Democrats on the Senate Judiciary Committee called on U.S. Supreme Court Chief Justice John Roberts on Monday to open an investigation into the undisclosed acceptance of luxury trips taken by Justice Clarence Thomas and his wife that were paid for by a Republican megadonor.
The letter said the committee plans to hold a hearing in coming days regarding the "need to restore confidence in the Supreme Court's ethical standards." And if the Supreme Court does not deal with the issue on its own, the committee will consider voting on legislation. Such a measure would also need support from the Republican-led House to become law.
"But you do not need to wait for Congress to act to undertake your own investigation into the reported conduct and to ensure that it cannot happen again," the 11 Democratic senators wrote to Roberts. "We urge you to do so."
The nonprofit investigative journalism organization ProPublica reported Thursday that Thomas, who has been a justice for more than 31 years, has for more than two decades accepted luxury trips from Republican donor Harlan Crow nearly every year.
Thomas, 74, and his wife, Virginia, have traveled on Crow's yacht and private jet as well as stayed at his private resort in New York's Adirondack Mountains, ProPublica reported. A 2019 trip to Indonesia the story detailed could have cost more than $500,000 had Thomas chartered the plane and yacht himself.
The Democratic senators said Thomas' acceptance of favors from Harlan was known more than a decade ago. They noted that senators then had urged the Supreme Court court to adopt a resolution stating that the justices abide by the ethics rules that the rest of the federal judiciary follows.
"This problem could have been resolved then," the senators wrote. "Instead, according to ProPublica's reporting, Mr. Crow's dispensation of favors escalated in secret during the years that followed. Now the Court faces a crisis of public confidence in its ethical standards that must be addressed."

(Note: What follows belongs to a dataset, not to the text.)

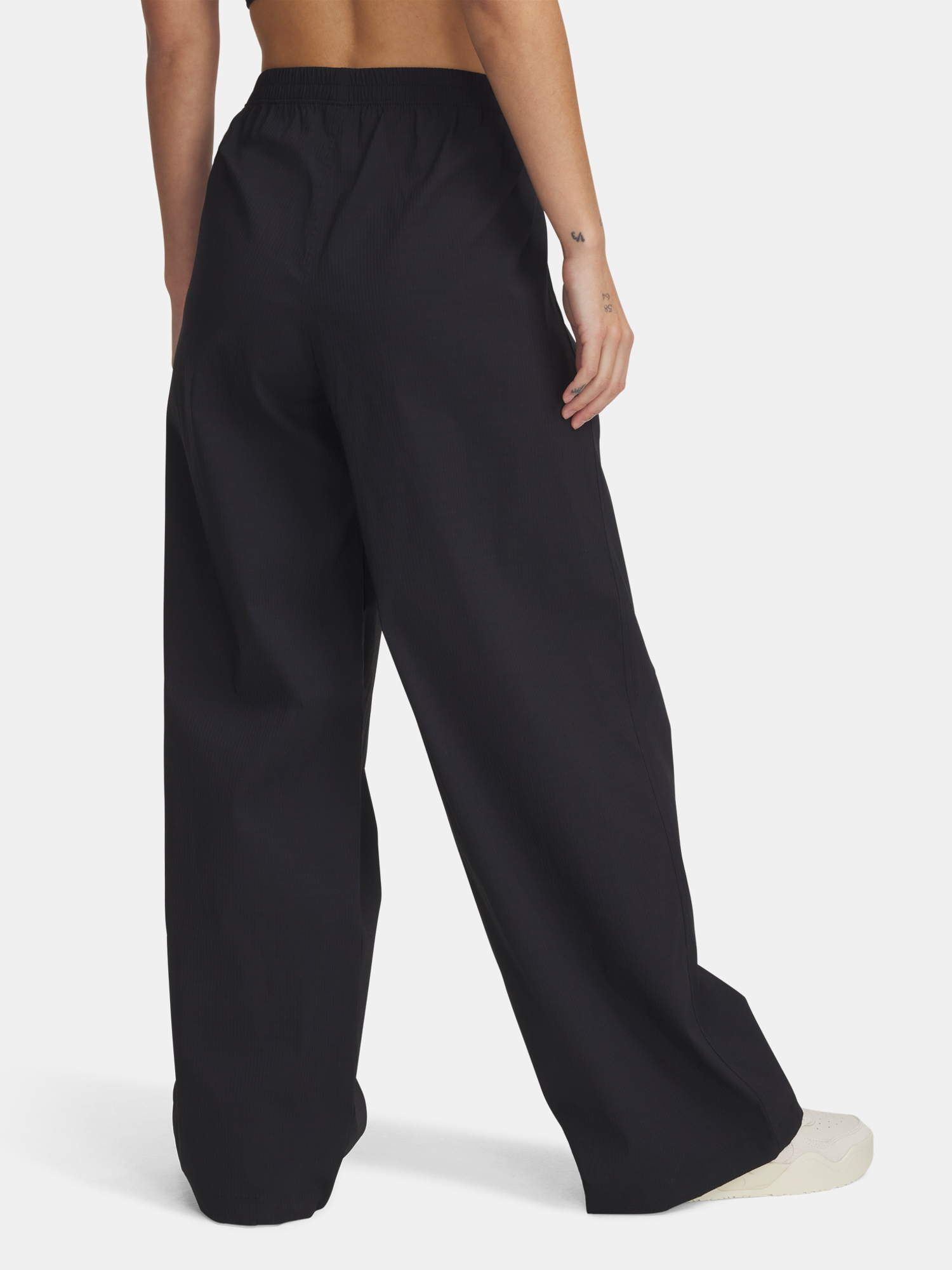 Women's Sports Pants Under Armour UA Unstoppable Wvn Parachute - Women's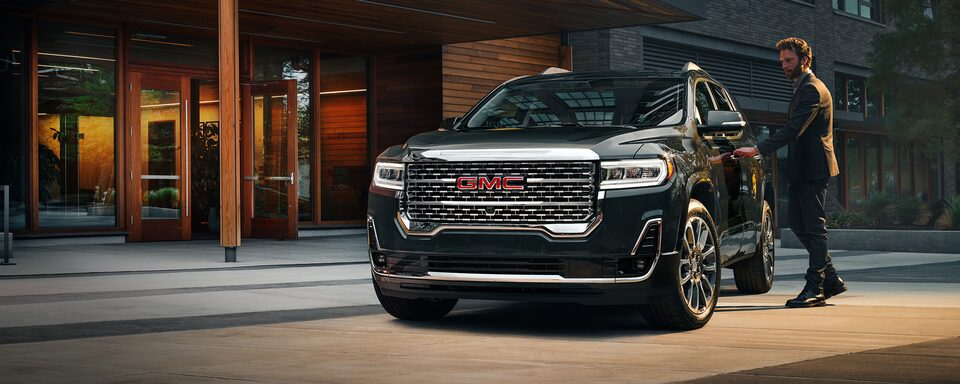 2023 GMC Acadia Denali video.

Thomas said Friday he was not required to disclose the trips. Supreme Court justices, like other federal judges, are required to file an annual financial disclosure report which asks them to list gifts they have received, but provides exemptions for hospitality from friends.
Ethics experts have offered conflicting views about whether Thomas was required to disclose the trips. Last month, the federal judiciary bolstered disclosure requirements for all judges, including the high court justices, although overnight stays at personal vacation homes owned by friends remain exempt from disclosure.
The Democratic senators, led by Sen. Richard Durbin, chairman of the Judiciary Committee, called the bolstered disclosure requirements a "modest step in the right direction," but said further action was needed.